Your task: Look through the data below and work out how many lines contain the string "Small". Give the number alone.

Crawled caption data
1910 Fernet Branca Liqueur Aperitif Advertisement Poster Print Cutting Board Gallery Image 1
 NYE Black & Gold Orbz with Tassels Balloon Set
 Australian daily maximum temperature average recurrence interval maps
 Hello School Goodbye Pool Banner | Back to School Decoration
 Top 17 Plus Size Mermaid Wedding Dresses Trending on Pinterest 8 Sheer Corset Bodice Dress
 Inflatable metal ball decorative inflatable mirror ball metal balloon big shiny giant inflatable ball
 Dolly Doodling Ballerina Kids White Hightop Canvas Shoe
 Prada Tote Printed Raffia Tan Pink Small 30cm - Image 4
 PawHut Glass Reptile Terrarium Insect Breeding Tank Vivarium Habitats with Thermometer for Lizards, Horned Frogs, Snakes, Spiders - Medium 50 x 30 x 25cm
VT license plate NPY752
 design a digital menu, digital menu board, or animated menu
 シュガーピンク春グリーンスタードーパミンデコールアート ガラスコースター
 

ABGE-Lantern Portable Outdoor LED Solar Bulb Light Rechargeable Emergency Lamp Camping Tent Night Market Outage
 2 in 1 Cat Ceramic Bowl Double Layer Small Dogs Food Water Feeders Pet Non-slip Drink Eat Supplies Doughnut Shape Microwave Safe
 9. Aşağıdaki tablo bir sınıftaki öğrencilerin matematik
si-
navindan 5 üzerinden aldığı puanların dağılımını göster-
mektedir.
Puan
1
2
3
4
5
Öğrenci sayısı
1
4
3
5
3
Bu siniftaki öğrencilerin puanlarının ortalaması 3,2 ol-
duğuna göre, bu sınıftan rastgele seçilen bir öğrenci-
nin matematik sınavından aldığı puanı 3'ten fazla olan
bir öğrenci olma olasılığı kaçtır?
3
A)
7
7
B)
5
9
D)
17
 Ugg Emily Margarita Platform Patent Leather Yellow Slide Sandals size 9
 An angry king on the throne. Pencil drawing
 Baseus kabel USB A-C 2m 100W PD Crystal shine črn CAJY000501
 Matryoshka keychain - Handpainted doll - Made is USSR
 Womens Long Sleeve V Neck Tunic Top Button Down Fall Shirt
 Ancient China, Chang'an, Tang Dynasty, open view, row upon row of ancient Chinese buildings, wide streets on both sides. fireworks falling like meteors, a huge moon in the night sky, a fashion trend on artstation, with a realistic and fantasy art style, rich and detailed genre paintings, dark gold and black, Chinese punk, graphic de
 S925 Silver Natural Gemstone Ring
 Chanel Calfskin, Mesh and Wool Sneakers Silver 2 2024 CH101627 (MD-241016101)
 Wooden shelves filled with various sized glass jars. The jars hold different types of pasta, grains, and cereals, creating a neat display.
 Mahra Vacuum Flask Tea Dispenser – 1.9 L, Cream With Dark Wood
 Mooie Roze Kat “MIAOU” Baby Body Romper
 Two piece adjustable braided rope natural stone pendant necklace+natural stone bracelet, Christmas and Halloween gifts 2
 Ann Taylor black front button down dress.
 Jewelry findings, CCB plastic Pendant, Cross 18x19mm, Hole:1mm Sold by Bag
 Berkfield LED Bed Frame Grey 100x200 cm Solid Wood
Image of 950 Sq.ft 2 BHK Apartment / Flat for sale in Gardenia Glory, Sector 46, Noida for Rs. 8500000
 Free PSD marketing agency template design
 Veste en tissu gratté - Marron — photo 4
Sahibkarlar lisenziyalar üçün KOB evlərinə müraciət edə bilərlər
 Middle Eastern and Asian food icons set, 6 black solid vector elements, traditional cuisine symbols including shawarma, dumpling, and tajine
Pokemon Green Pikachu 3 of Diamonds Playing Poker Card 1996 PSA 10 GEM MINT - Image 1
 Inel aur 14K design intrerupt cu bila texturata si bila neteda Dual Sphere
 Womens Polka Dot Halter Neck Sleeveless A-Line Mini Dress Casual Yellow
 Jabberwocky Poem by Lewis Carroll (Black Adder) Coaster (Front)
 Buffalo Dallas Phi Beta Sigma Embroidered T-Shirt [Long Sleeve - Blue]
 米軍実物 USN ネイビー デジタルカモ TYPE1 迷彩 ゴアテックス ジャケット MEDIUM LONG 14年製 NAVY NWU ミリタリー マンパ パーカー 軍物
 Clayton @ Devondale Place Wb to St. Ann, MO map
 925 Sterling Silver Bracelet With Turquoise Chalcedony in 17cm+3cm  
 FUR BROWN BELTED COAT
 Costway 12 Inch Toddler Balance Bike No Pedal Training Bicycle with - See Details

Answer box: 2